*WHAT YOU WILL DO*: Start to finish, repeat the records exactly.

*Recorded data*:
Segment Open

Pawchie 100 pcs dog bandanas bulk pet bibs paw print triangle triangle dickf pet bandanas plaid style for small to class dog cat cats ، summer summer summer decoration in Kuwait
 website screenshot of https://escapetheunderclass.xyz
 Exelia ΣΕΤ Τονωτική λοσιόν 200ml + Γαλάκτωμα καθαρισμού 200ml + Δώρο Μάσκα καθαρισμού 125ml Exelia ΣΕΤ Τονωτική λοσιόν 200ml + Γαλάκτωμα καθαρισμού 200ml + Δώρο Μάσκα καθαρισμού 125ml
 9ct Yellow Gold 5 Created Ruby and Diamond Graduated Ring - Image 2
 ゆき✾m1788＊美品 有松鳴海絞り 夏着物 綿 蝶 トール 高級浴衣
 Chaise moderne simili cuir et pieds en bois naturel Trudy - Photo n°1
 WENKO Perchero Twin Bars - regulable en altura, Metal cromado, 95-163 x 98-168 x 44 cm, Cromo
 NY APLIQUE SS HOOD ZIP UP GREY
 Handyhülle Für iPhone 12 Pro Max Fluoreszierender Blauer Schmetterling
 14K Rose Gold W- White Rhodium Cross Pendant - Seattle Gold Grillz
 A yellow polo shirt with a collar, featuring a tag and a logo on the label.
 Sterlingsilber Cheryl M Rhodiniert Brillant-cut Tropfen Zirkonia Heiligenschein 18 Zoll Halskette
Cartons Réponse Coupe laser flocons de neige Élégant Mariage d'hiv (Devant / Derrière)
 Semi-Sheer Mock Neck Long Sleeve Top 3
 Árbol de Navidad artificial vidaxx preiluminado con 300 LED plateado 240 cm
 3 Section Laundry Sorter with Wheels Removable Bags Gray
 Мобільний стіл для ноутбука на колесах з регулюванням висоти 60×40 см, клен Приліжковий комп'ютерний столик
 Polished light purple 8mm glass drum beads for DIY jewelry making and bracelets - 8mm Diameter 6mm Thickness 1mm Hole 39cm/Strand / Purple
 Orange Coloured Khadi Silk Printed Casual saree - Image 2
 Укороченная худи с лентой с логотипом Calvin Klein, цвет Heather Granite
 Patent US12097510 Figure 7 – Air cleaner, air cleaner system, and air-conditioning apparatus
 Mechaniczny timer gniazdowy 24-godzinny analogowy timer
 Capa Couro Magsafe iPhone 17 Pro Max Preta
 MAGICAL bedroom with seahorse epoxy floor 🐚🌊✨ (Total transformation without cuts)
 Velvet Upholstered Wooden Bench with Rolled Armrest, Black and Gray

Segment Closed

*OUTPUT BELOW*:
Pawchie 100 pcs dog bandanas bulk pet bibs paw print triangle triangle dickf pet bandanas plaid style for small to class dog cat cats ، summer summer summer decoration in Kuwait
 website screenshot of https://escapetheunderclass.xyz
 Exelia ΣΕΤ Τονωτική λοσιόν 200ml + Γαλάκτωμα καθαρισμού 200ml + Δώρο Μάσκα καθαρισμού 125ml Exelia ΣΕΤ Τονωτική λοσιόν 200ml + Γαλάκτωμα καθαρισμού 200ml + Δώρο Μάσκα καθαρισμού 125ml
 9ct Yellow Gold 5 Created Ruby and Diamond Graduated Ring - Image 2
 ゆき✾m1788＊美品 有松鳴海絞り 夏着物 綿 蝶 トール 高級浴衣
 Chaise moderne simili cuir et pieds en bois naturel Trudy - Photo n°1
 WENKO Perchero Twin Bars - regulable en altura, Metal cromado, 95-163 x 98-168 x 44 cm, Cromo
 NY APLIQUE SS HOOD ZIP UP GREY
 Handyhülle Für iPhone 12 Pro Max Fluoreszierender Blauer Schmetterling
 14K Rose Gold W- White Rhodium Cross Pendant - Seattle Gold Grillz
 A yellow polo shirt with a collar, featuring a tag and a logo on the label.
 Sterlingsilber Cheryl M Rhodiniert Brillant-cut Tropfen Zirkonia Heiligenschein 18 Zoll Halskette
Cartons Réponse Coupe laser flocons de neige Élégant Mariage d'hiv (Devant / Derrière)
 Semi-Sheer Mock Neck Long Sleeve Top 3
 Árbol de Navidad artificial vidaxx preiluminado con 300 LED plateado 240 cm
 3 Section Laundry Sorter with Wheels Removable Bags Gray
 Мобільний стіл для ноутбука на колесах з регулюванням висоти 60×40 см, клен Приліжковий комп'ютерний столик
 Polished light purple 8mm glass drum beads for DIY jewelry making and bracelets - 8mm Diameter 6mm Thickness 1mm Hole 39cm/Strand / Purple
 Orange Coloured Khadi Silk Printed Casual saree - Image 2
 Укороченная худи с лентой с логотипом Calvin Klein, цвет Heather Granite
 Patent US12097510 Figure 7 – Air cleaner, air cleaner system, and air-conditioning apparatus
 Mechaniczny timer gniazdowy 24-godzinny analogowy timer
 Capa Couro Magsafe iPhone 17 Pro Max Preta
 MAGICAL bedroom with seahorse epoxy floor 🐚🌊✨ (Total transformation without cuts)
 Velvet Upholstered Wooden Bench with Rolled Armrest, Black and Gray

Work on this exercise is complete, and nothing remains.